Solving Polynomial Equations: Help With (x+3)^2/3=3 & 1-1=3

[gfighter39]

i need help with a couple of problems

1.

(x+3)^2/3=3

I don't even know were to start

2.1 - 1 = 3
- ---
x x+1

LCD is (x)(x+1)

1(x)(x+1) - 1(x)(x+1) = 3(x)(x+1)
--------- --------- ---------
x(x+1) (x)x+1 (x)(x+1)

1x+1 - 1x = 3x^2 + 3x

3x^2 + 3x + 1 = 0

3^2 - 4(3)(1)

that is all i have and i don't think it is right because the answer should be

-3 + or - the squ. root of 11
-----------------------------
6

 

[NateTG]

You've got:
$$\frac{(x+3)^2}{3}=3$$
so
$$(x+3)^2=9$$
right?

 

[HallsofIvy]

Assuming that (x+3)^2/3=3 meant $$\frac{(x+3)^2}{3}=3$$ then
NateTG is correct: (x+3)²= 9.

2. is a little hard to understand.
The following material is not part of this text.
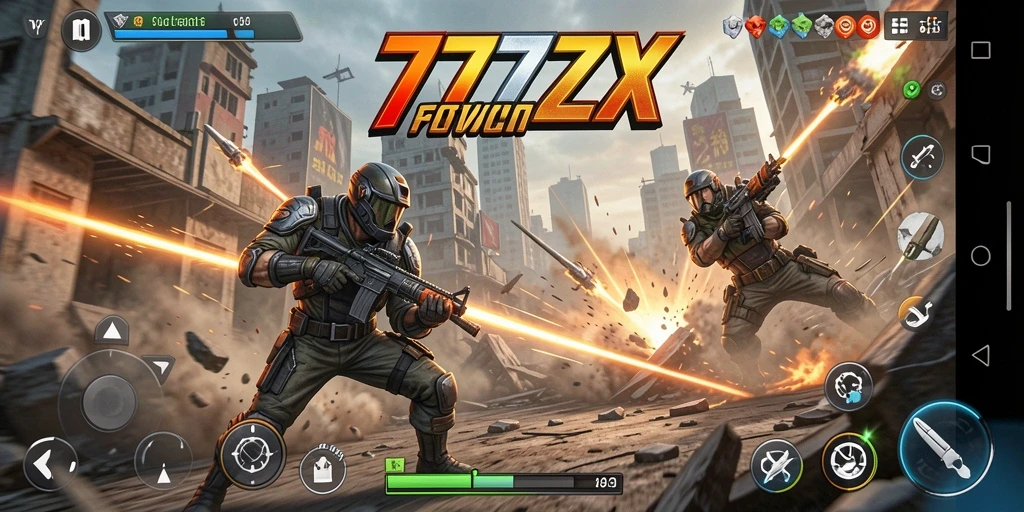 Gameplay menegangkan dengan aksi memukau di 777ZX.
I think you meant
$$\frac{1}{x(x+1)}-1= 3$$.

Yes, the LCD is x(x+1) but then you used that incorrectly. If you want to combine fractions on the left, the first fraction remains $$\frac{1}{x(x+1}$$. You don't want the "x(x+1)" in the numerator. You multiply both numerator and denominator of the "-1" by x(x+1) to get $$\frac{1}{x(x+1)}- \frac{x(x+1)}{x(x+1)}= 3$$. The "3" also does not change on the right hand side.
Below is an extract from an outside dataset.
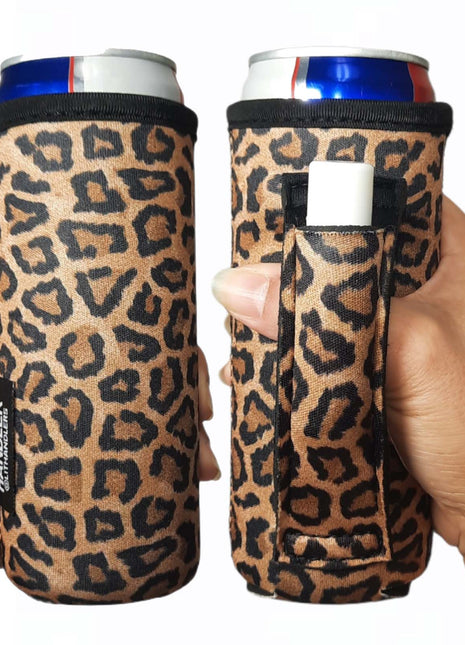 Leopard 12oz Slim Can Handler™ - Drink Handlers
Actually, rather than adding the fractions I would recommend simply multiplying both sides of the equation by the LCD:
$$x(x+1)(\frac{1}{x(x+1)}-1)= 3(x(x+1))$$so
$$1- x(x+1)= 3x(x+1)$$ or
$$2x(x+1)= 2x^2+ 2x= 1$$
Now solve that by completing the square or using the quadratic formula.